#### [Directions for this task]
Return, with both end lines included, exactly what the data below holds from the line with "VINITHA - PARTY'WEAR DESIGNER SAREEE" through the line with "Xiaomi 1pcs Alloy", though not the pictures.

#### [Material for the task]
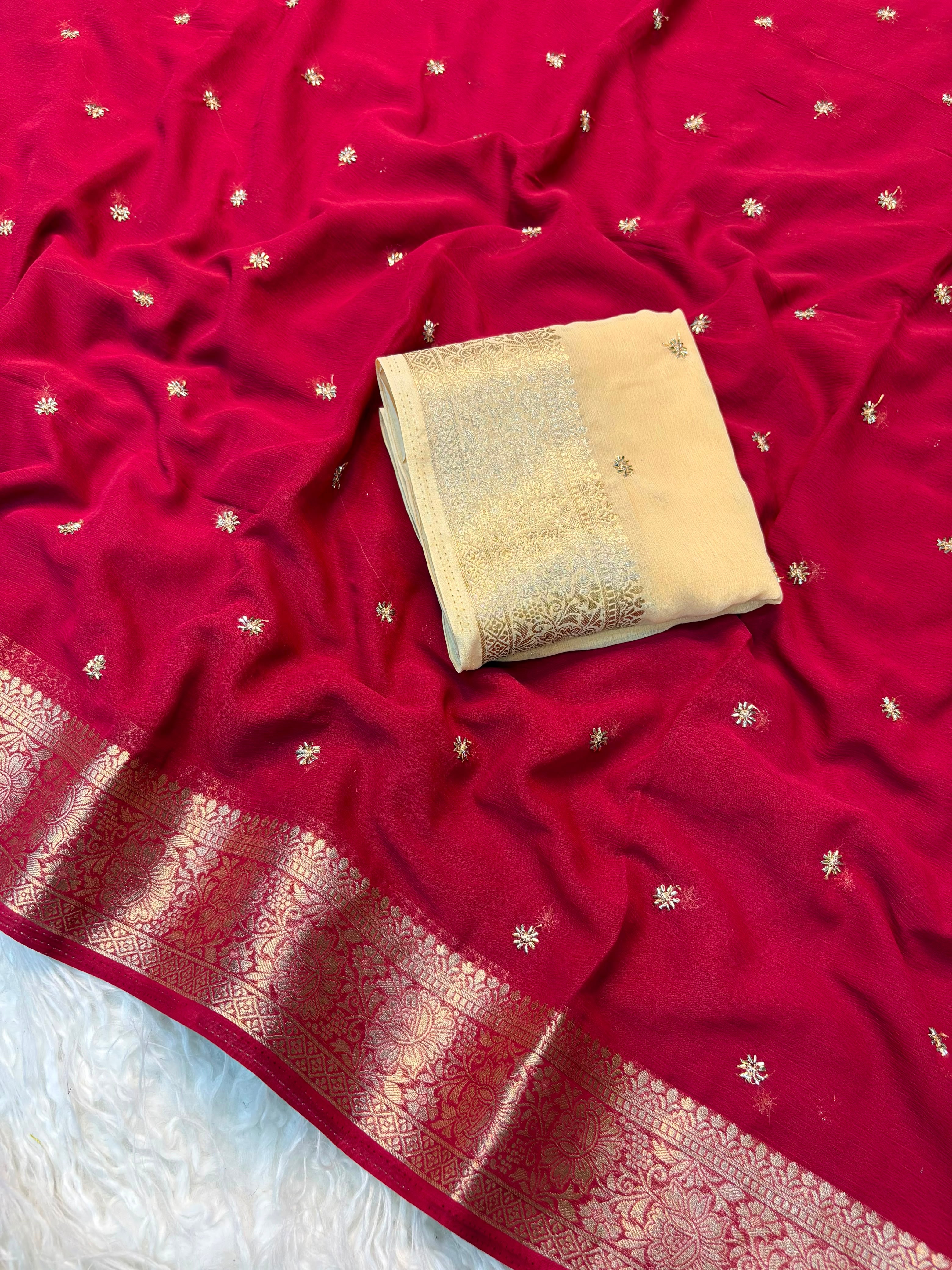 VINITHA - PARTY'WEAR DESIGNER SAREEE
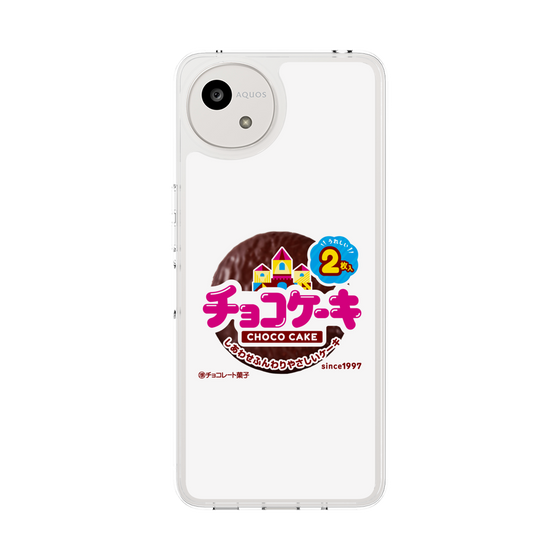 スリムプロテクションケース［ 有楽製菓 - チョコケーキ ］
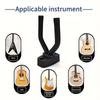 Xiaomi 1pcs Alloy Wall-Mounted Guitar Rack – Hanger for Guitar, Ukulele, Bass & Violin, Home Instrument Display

---

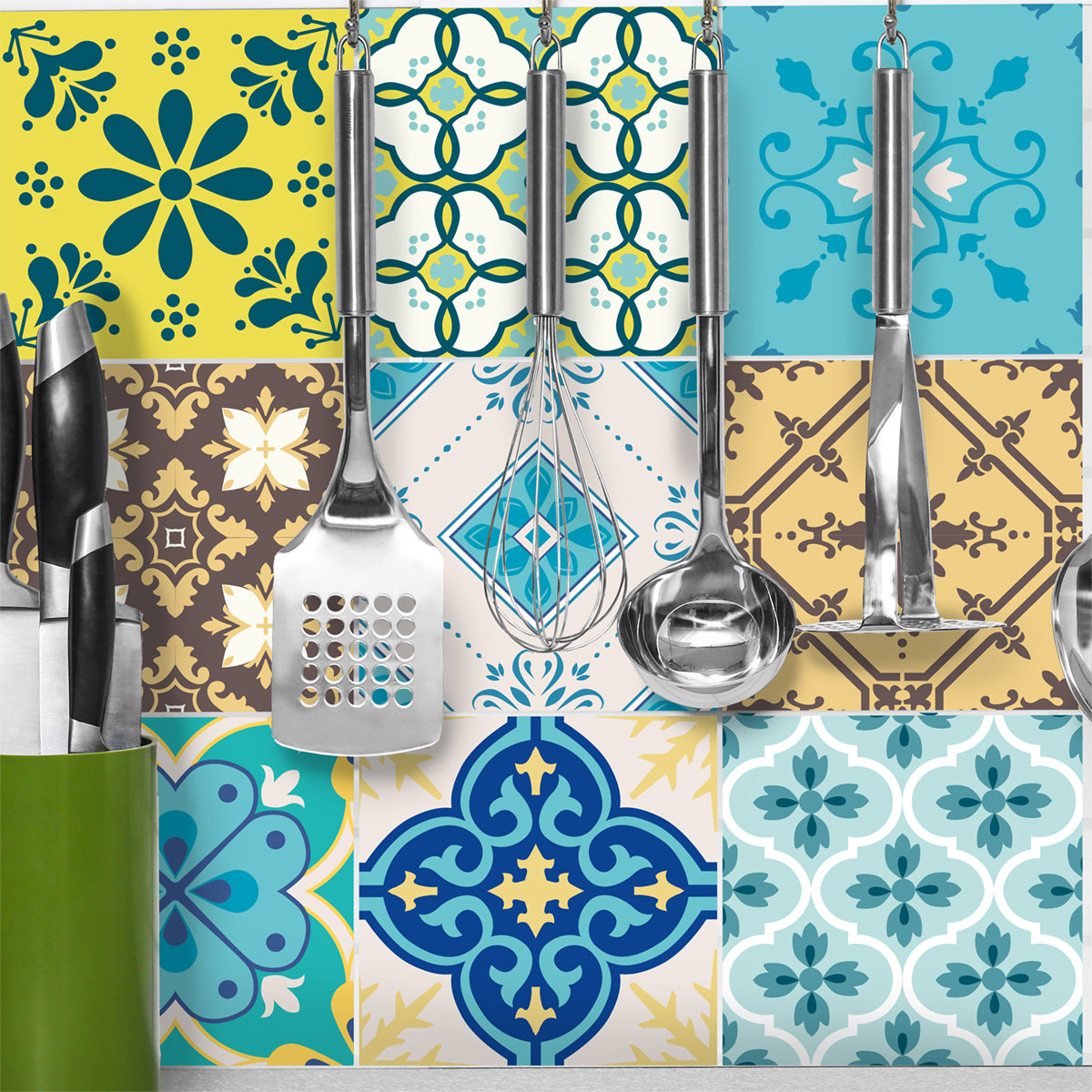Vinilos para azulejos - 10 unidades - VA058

* * *

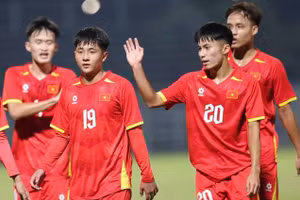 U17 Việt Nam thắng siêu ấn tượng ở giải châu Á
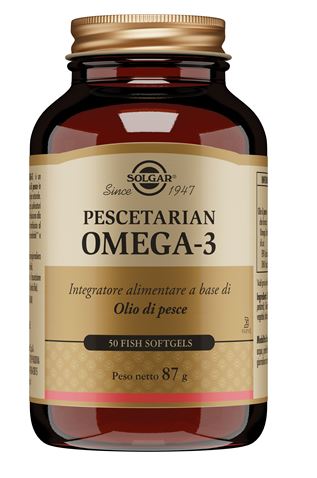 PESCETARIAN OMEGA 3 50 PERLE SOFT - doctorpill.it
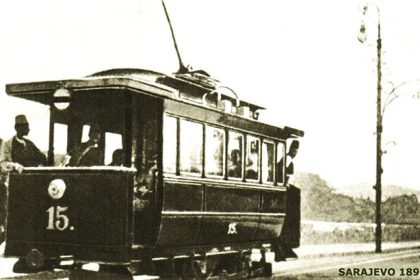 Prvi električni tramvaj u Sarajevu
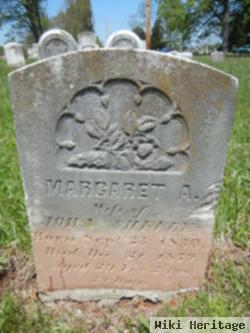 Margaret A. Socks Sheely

#### [Response]
 VINITHA - PARTY'WEAR DESIGNER SAREEE
 スリムプロテクションケース［ 有楽製菓 - チョコケーキ ］
 Xiaomi 1pcs Alloy Wall-Mounted Guitar Rack – Hanger for Guitar, Ukulele, Bass & Violin, Home Instrument Display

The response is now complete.